Why does the sum of all natural numbers equal -1/12?

Mark Chu-Carroll comments on this phenomenon here: http://scientopia.org/blogs/goodmath/2014/01/17/bad-math-from-the-bad-astronomer/

I’m not familiar with series mathematics much, but his take on it is:

Comments from the more mathematically-inclined?

When one says 1 - 1/2 + 1/3 - 1/4 + 1/5 - 1/6 + … = ln(2), that’s also just a way of assigning a value to the series. When one says 2 + 3 = 5, that’s also just a way of assigning a value to the series. There’s not some distinguished sense in which those accounts of summation describe the actual value those series are actually equal to, but this account of summation does not. That’s a false distinction. There is no “actual” value of a series, except relative to an account of summation. And there’s not a distinguished One True Account of summation.

(You could call one account of series summation the One True Account, of course, if you were particularly fond of it, and didn’t care about any others. Plenty of people do. But that is, literally, ignorant. It is ignoring all the other possibilities which are justified as capturing a sense of summation in just the same way as any other, by their analogies to other concepts in the web of things thought of as summation.)
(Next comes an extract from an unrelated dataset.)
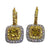 SJ6195 - Yellow Sapphire with Diamond Earrings Set in 18 Karat White Gold Settings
I’m not sure I get it - so you’re saying there’s no difference between a Cesaro sum of a series and any other way of calculating a sum of a series?

There can be lots of differences. I’m saying there’s no good reason to say another kind of sum is the “actual” sum and the Cesaro sum is a spurious sum. There are just different kinds of sums; none of them is the “actual” one. Such talk is meaningless.
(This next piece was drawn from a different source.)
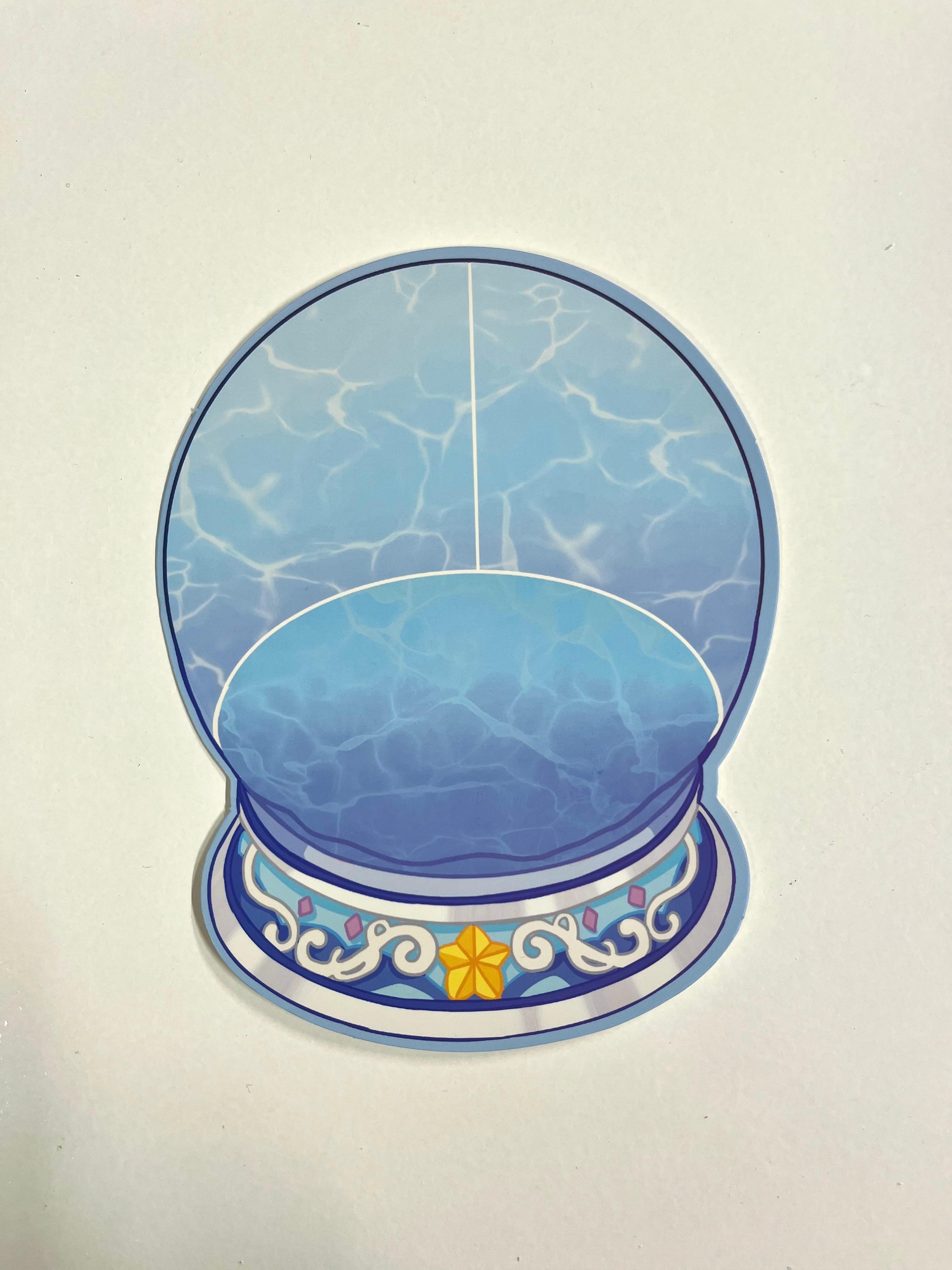 DIY Ocean Akvaryum 3D Diorama İzometrik 58 Adet Sticker Küre Kartonu Plastik Cımbız Seti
I think some of the flaws with MarkCC’s line of reasoning have already been pointed out.

Let’s be clear in the absolute strictest sense, under the normal definition of addition, you can only actually sum (that is add together each member of) a finite series. This is not quibbling, this is actually quite important. In order to get the sum of an infinite series you need to define what the sum of an infinite series is.

It was noticed a very long time ago that the limit of the set of partial sums allows you to recover the normal result for addition of finite series and also to define summation for some infinite series. After that it was noticed there were methods for extending summation to yet more infinite series and still being able to recover the results from previous methods.

What MarkCC seems to have missed is that it is just a case of what definition you use for summation. Sure, for example, the blokes in the numberphile video were playing it a bit loose when they didn’t mention a different definition of summation was being used than than the one on page six of Introduction to Real Analysis by A. N. Other, but they weren’t necessarily wrong to call it summation.

He also object because the answer is -1/12. Someone (I think ultrafilter) has already pointed out that if you add together a set of rationals then you always get a rational number, but the sum of a convergent series of rationals can be irrationals. Similarly the sum of a finite series is order-independent, but the sum of an infinite (conditionally convergent) series can be order dependent. So even if you just examine convergent series you can do things you can’t do with addition.

Couple of bloggers I follow have chimed in…

The sum of all natural numbers is not -1/12 (PZ Myers)

When Infinity Is Actually a Small, Negative Fraction (Phil Plait)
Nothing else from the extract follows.